Red Blood Cell Drugs Cause Blood Clots
The drugs Epogen, Aranesp, and Procrit are used to help cancer patients who have been made anemic by chemotherapy by stimulating the production of red blood cells. However, they also increase the risk of venou thromboembolism, blood clots that form in the legs and that can then travel to other parts of the body creating potentially life-threatening conditions.
These drugs already have a nefarious history. In 2006, a study showed aggressive treatment of patients with them lead to a higher incidence of cardiovascular problems and death. In 2007, the FDA required the drugs, known as erythropoiesis-stimulating agents, or ESAs, to carry a warning on their labels, and said patients with low red blood counts should be limited. The Journal of the National Cancer Institute has reported that the drugs have increased the risk of death, but have not shown to have benefitted patients.

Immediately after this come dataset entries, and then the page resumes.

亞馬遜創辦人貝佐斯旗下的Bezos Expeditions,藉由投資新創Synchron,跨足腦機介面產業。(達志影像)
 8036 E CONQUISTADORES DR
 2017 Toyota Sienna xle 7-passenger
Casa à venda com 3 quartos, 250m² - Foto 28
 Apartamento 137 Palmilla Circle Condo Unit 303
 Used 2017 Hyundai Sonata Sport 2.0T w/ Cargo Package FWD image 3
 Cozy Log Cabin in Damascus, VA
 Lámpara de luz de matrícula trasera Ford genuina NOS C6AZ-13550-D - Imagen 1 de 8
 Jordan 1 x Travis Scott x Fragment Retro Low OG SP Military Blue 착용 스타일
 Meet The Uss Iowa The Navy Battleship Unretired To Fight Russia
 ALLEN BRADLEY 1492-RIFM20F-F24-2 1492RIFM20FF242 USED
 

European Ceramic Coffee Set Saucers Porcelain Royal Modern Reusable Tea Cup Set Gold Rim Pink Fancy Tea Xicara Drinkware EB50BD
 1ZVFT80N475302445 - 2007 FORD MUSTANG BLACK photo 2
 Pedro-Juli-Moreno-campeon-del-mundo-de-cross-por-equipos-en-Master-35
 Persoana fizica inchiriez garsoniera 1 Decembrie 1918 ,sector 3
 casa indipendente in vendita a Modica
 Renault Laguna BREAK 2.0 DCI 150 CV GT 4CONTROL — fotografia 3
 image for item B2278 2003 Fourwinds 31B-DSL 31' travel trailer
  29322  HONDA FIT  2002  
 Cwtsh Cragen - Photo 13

Over 56,000 patients, who were 65 years old or older and were given chemotherapy for breast, colon, non-small cell lung cancer, as well as cancers like B-cell lymphoma, were studied by the Irving Comprehensive cancer Center at Columbia University Medical Center between January 1991 and December 2002. About 27 percent of the patients received ESA drugs. It was found that over 14 percent of those who received the drugs developed blood clots compared to just under ten percent who did not. The death rate was similar in both groups of patients.
Despite the use of ESA drugs, the rate of anemia stood at roughly 22 percent for each group.